= Orbital Propulsion Centre =

The Orbital Propulsion Centre Lampoldshausen (abbreviated LAM), a Division of ArianeGroup, is the European competence centre for development and production of satellite and orbital propulsion systems (spacecraft propulsion). Founded in 1963 by Ludwig Bölkow as a branch of the Bölkow-Entwicklungs-KG, the centre is situated within the German Aerospace Center (DLR) site at Lampoldshausen, Germany.

== Notable milestones ==

In 1969 the development, qualification and test of bi-propellant propulsion systems for satellite orbit and attitude control system was started, with first application on the French and German Symphonie (satellite), which was successfully launched from the Kennedy Space Center on December 19, 1974.

2001 the RIT-10 gridded Ion thruster fully recovers the Artemis (satellite) mission from a total loss.

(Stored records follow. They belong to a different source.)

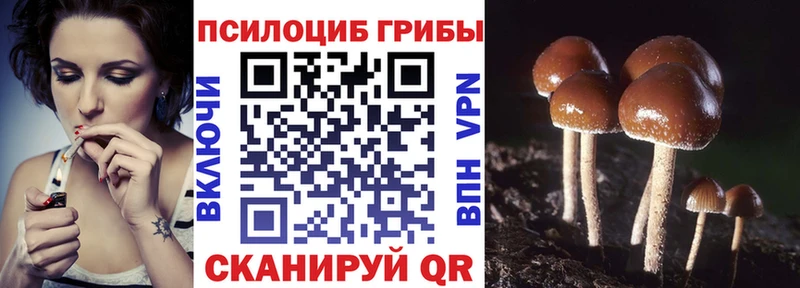 сколько стоит  Каспийск  мега ССЫЛКА  Галлюциногенные грибы Cubensis 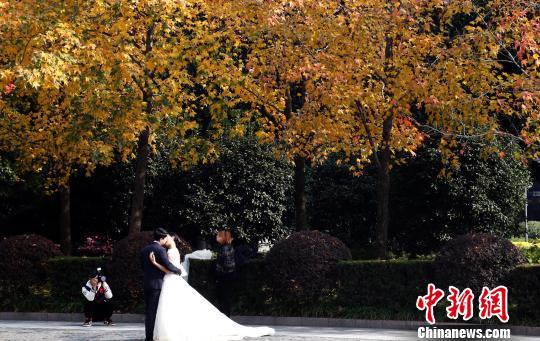 婚紗攝影 成為上海外灘一道亮麗風景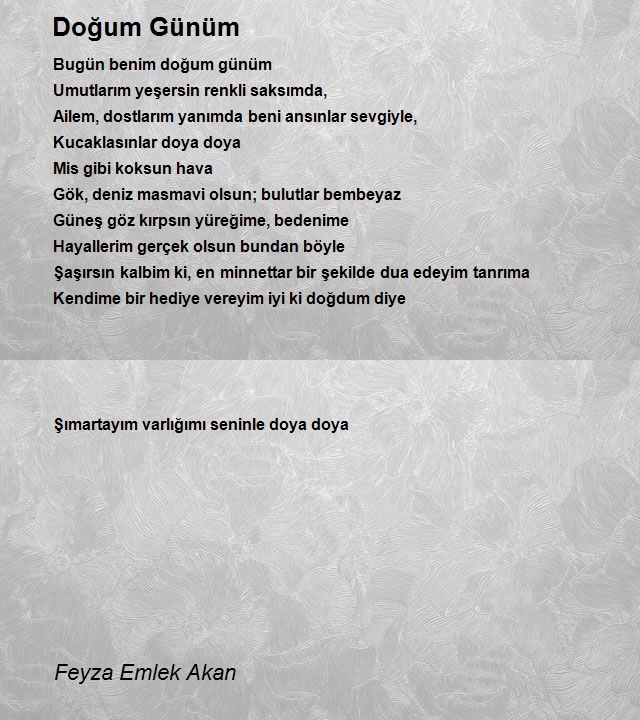 Feyza Emlek Akan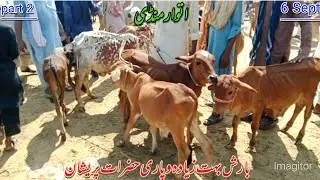 Atwar mandi punjab city haroonabad ki zero size bachday new video fresh rate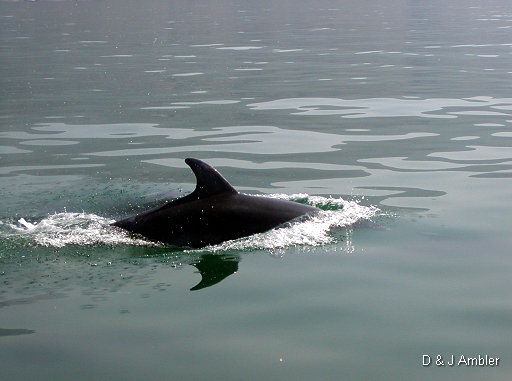 Dolphins 5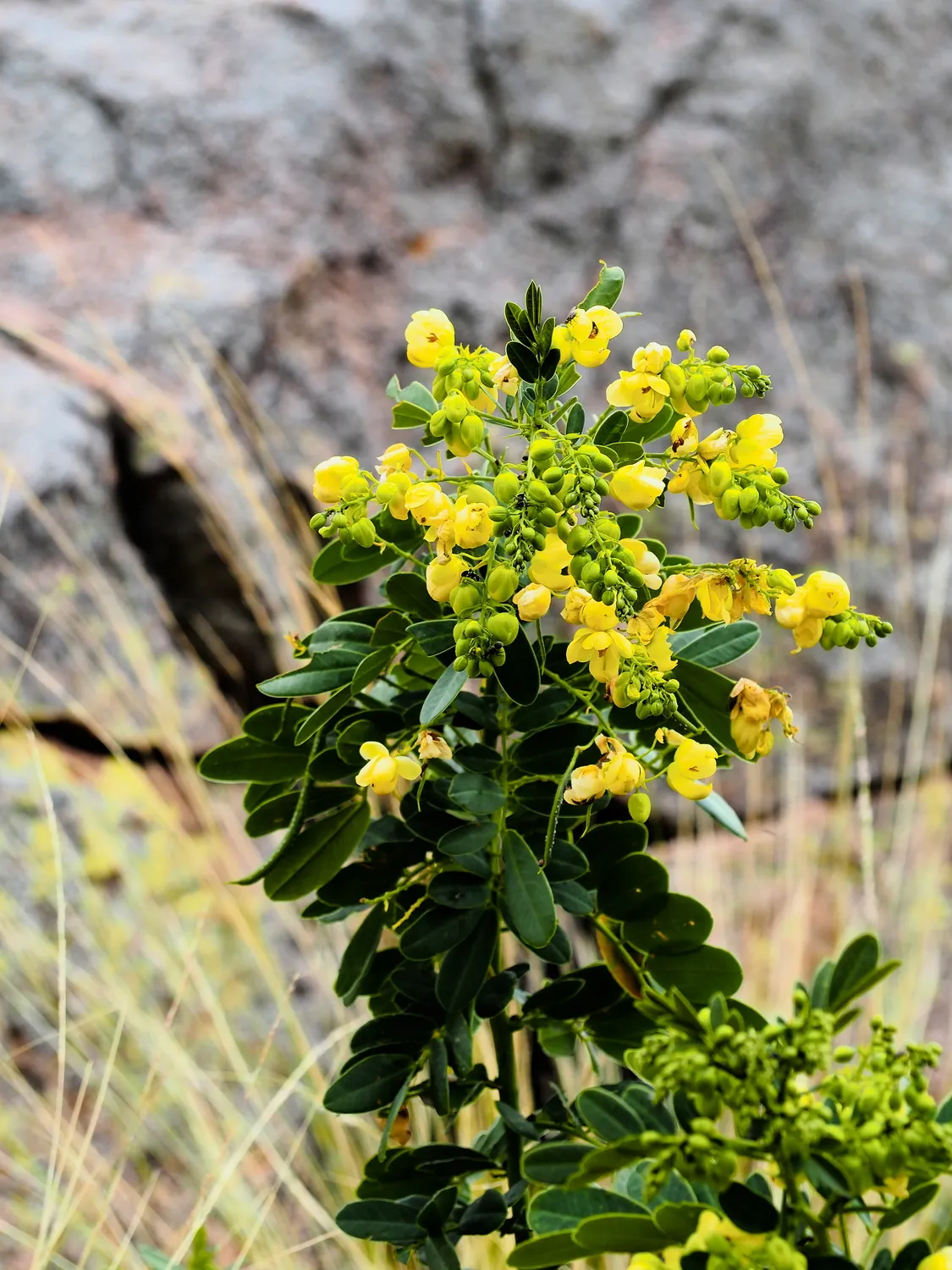 Taruca Pampa | Sierra de Córdoba, Argentina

With the maiden flight of the Automated Transfer Vehicle - Jules Verne, launched 9 March 2008, the LAM site demonstrated its orbital propulsion competences within man-rated spacecraft as main sub-contractor for the Propulsion Re-boost SubSystem Assemblies.

== Orbital propulsion solutions ==

From orbital propulsion to high-performance propulsion systems and equipment, the Lampoldshausen site covers the full range of requirements for satellites and spacecraft. The Orbital Propulsion Centre supplies chemical and electrical orbital propulsion solutions to all European prime contractors (Airbus, OHB and TAS) and other customers worldwide. Its ability to meet all orbital propulsion requirements is unique.